India, too, is making some headway in developing its own arbitration culture. It has reformed its arbitration regime and limited the scope for judicial intervention. As part of its emergence on the arbitration stage, the London Court of International Arbitration (LCIA) established its first independent subsidiary in April 2009, in the Indian capital New Delhi.
Arbitration is clearly gaining traction quickly in Asia. In 2004, the Hong Kong International Arbitration Center (HKIAC) handled just 280 cases. By 2009, this had leapt to 649 disputes.
In fact, Asia has experienced much greater growth in arbitration than Europe, which has effective transnational treaties to enforce court judgments. Clifford Chance’s Denis Brock says: ‘Arbitration is not prevalent for intra-European disputes, because there are sophisticated transnational treaties to enforce court judgments.’ Frances Van Eupen, counsel at Allen & Overy in Hong Kong SAR says that Asia is the key area for growth in arbitration: ‘Banks in the region are contracting with emerging market counterparties and those contracts often provide for disputes to be referred to arbitration. A key reason for choosing arbitration when dealing with emerging markets is because enforcement under the New York Convention crosses jurisdictional boundaries.

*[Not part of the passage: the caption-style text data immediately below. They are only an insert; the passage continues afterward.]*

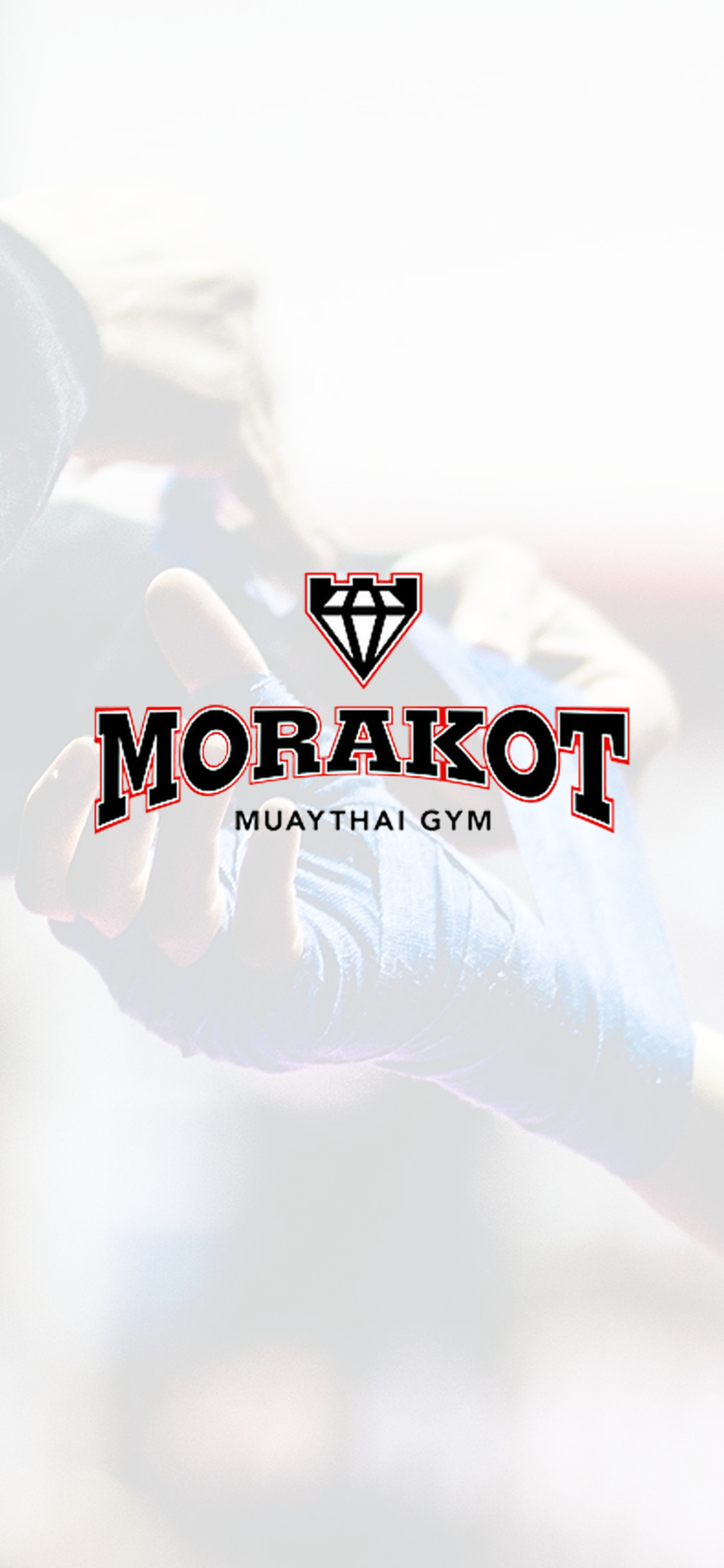 Morakot Muaythai Gym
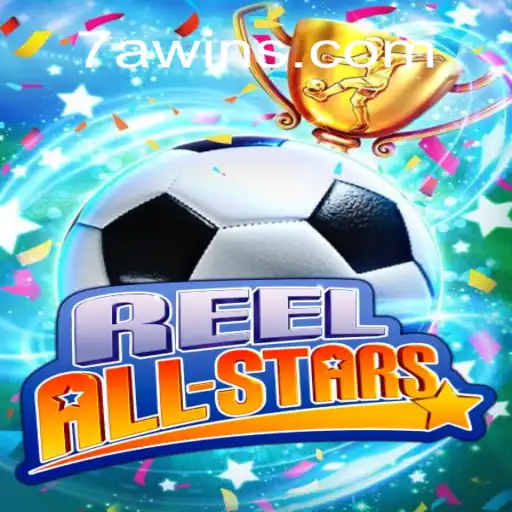 ReelAllStars: Uma Nova Experiência de Jogo no Mundo dos Cassinos Online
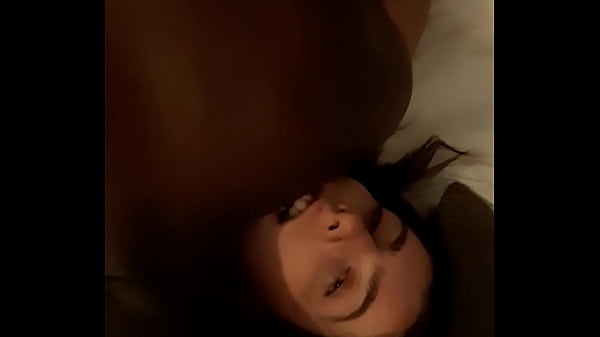 Gf first bbc 2020 being shared with 2 hung dudes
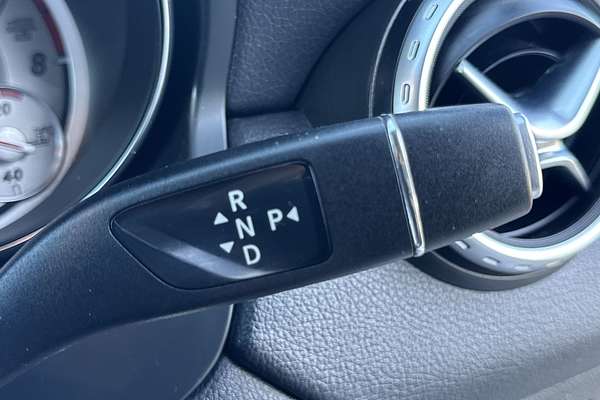 2015 Mercedes-Benz GLA-Class GLA250 X156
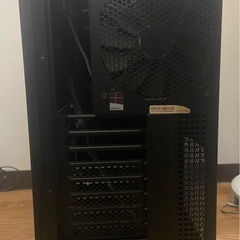 【取りに来てくださる方】LEVEL 8 PC 外側ケースの画像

In Europe there are reciprocal arrangements for the enforcement of judgments, so banking disputes are more often referred to the courts rather than arbitration.’

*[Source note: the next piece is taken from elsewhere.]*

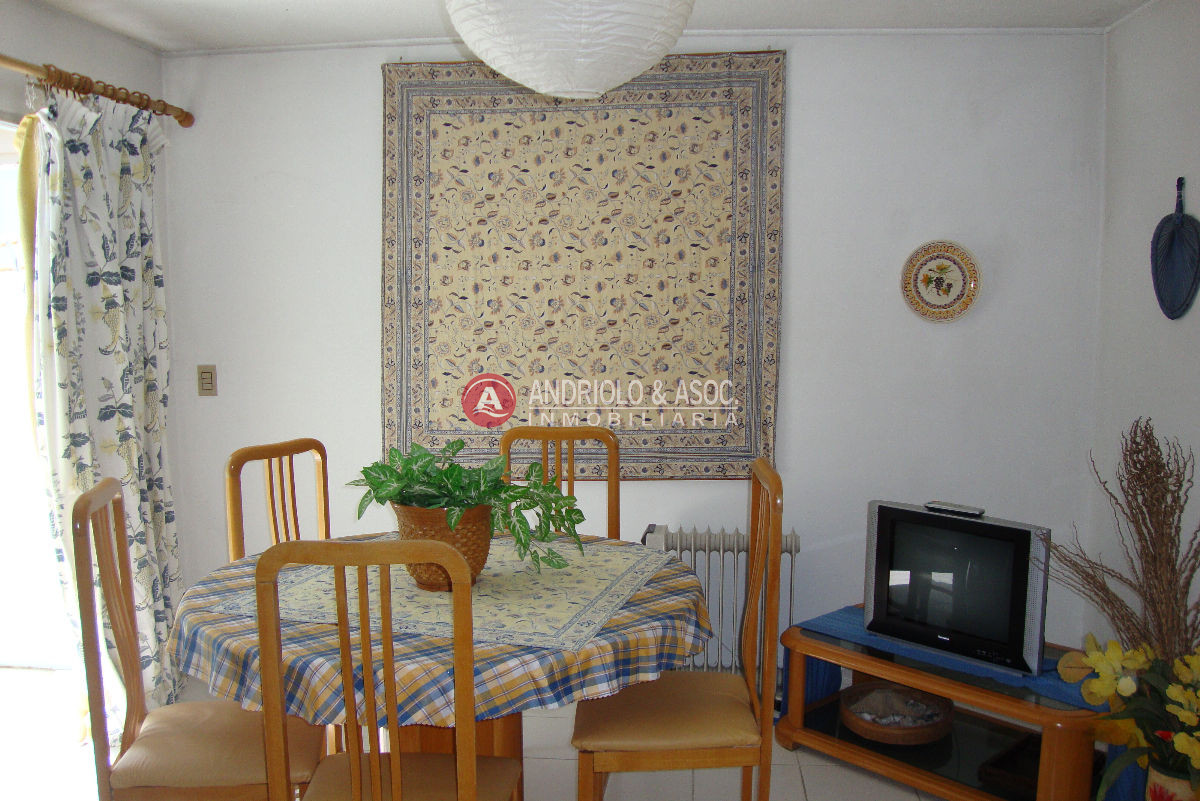 Apartamento ID.209 - Apartamento en Punta del Este, Península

Orrick’s Robert Pé says that his practice has been transformed since returning to Hong Kong SAR in 2003. At that point, arbitration accounted for only a small proportion of his day-to-day practice, but now accounts for 70 to 80 per cent of his work. The startling growth in investment into China circa 2000, as the nation moved towards World Trade Organisation (WTO) accession, saw many contracts using arbitration as the preferred dispute resolution clause.
Skadden’s Paul Mitchard QC transferred to Hong Kong SAR from London in 2009, as the firm recognised the growth of arbitration in the region. Mr Mitchard is not short of experience when spotting global trends and he is convinced that arbitration has its place in Asia. ‘There are parallels with Russia going back ten years. There was great scepticism about arbitration there and there was no tradition. They just weren’t used to trusting someone to adjudicate the case fairly,’ he says. ‘As international firms moved into the Russian market they managed to convince clients to use LCIA clauses. I see that sort of progression here. The clients are learning that it is a process they are able to trust.’
‘There are parallels with Russia going back ten years.’
Paul Mitchard QC
Skadden Arps Slate Meagher & Flom
Trust is clearly the current theme, with even China International Economic and Trade Arbitration Commission (CIETAC) earning the confidence of both domestic and foreign parties. China has introduced a reporting-up process by which local courts are not allowed to review or set-aside arbitral awards without referring the case up to the next level, with the ultimate stage being the Supreme People’s Court. It can be a long and laborious process, but it has discouraged random interference from China’s judiciary. Pé says: ‘In my view CIETAC has put in a lot of effort to respond to criticism, particularly from the foreign investment community. There are still some unfortunate stories from time to time. The scale fees are pretty low and so some foreign arbitrators have negotiated with the party appointing them to agree fees outside the scale. Some observers view this as a bit questionable.’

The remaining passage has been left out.